But another single-name superstar, Madonna, was a newcomer to the Toronto International Film Festival, thanks to "W.E.," although few people actually talked about her movie tracing two love stories.

True, a radio reporter wearing a helmet-cam (bike helmet with smartphone lashed to it) compared it to a "Chanel fairy tale" during a press conference, but much of the chatter was about whether her security detail really ordered volunteers to turn their backs as she passed or if she brought her own mattress to the posh Hazelton Hotel, a rumor reported by the Toronto Star newspaper.

PG VIDEO: SCENES FROM TORONTO FILM FEST

Neither may be true, but it made for delicious gossip, better than anything surrounding Brad Pitt and Angelina Jolie or George Clooney and squeeze Stacy Keibler.

On the far, far opposite end of the spectrum were filmmakers looking for a little love and buyers for their movies so someone other than a festival audience might see them.

Pittsburgh native and executive producer Jesse Shapira found a U.S. distributor for his R-rated hockey comedy, "Goon," as did movies as diverse as "Shame" starring Michael Fassbender as a sex addict, Lasse Hallstrom's "Salmon Fishing in the Yemen" and the documentary "Sarah Palin: You Betcha!"

At least 32 films were sold to territories in North America, Europe, the Middle East, Asia, South America and Australia. Nearly 4,000 industry delegates attended, a 20 percent bump from 2010.

Some festival impressions:

Personal favorite: "The Descendants," starring Mr.

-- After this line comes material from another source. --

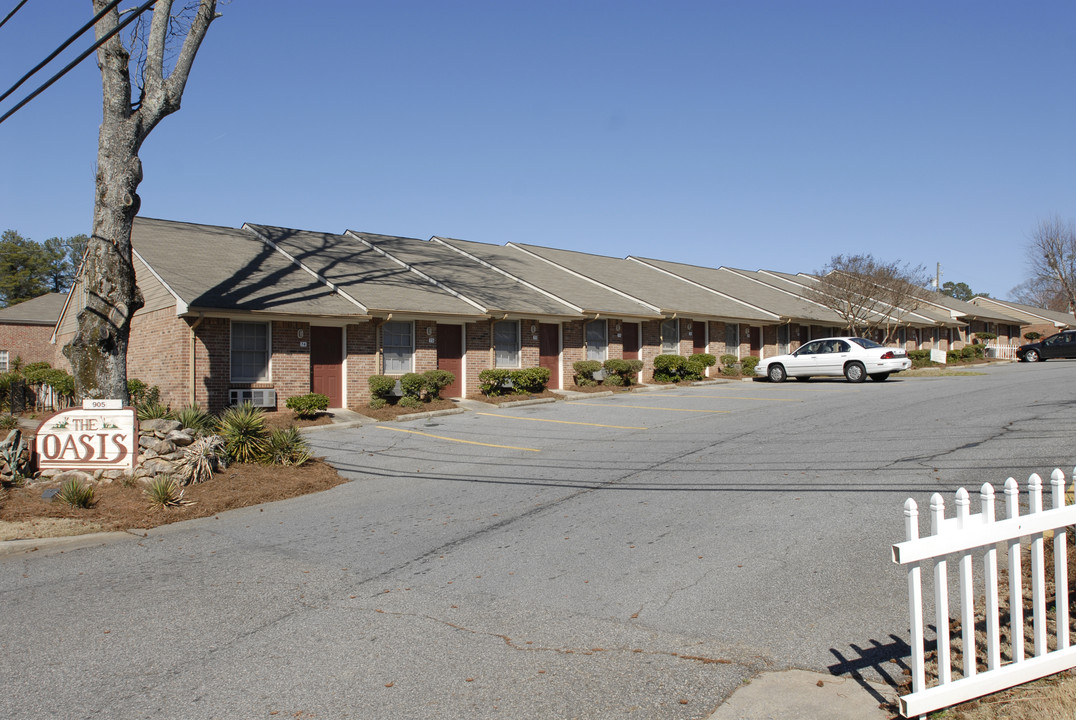 The Oasis Apartments in Cartersville, GA - Building Photo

Clooney as a native Hawaiian, husband and father of daughters ages 17 and 10. His wife is gravely injured in a boating accident, his extended family must decide about selling 25,000 acres of pristine land and, for good, gut-churning measure, he learns an unsettling secret about his wife.

Director and co-writer Alexander Payne pivots effortlessly from comedy to tragedy to drama and uses Hawaiian backdrops and music in a way that's as fresh as just harvested pineapple.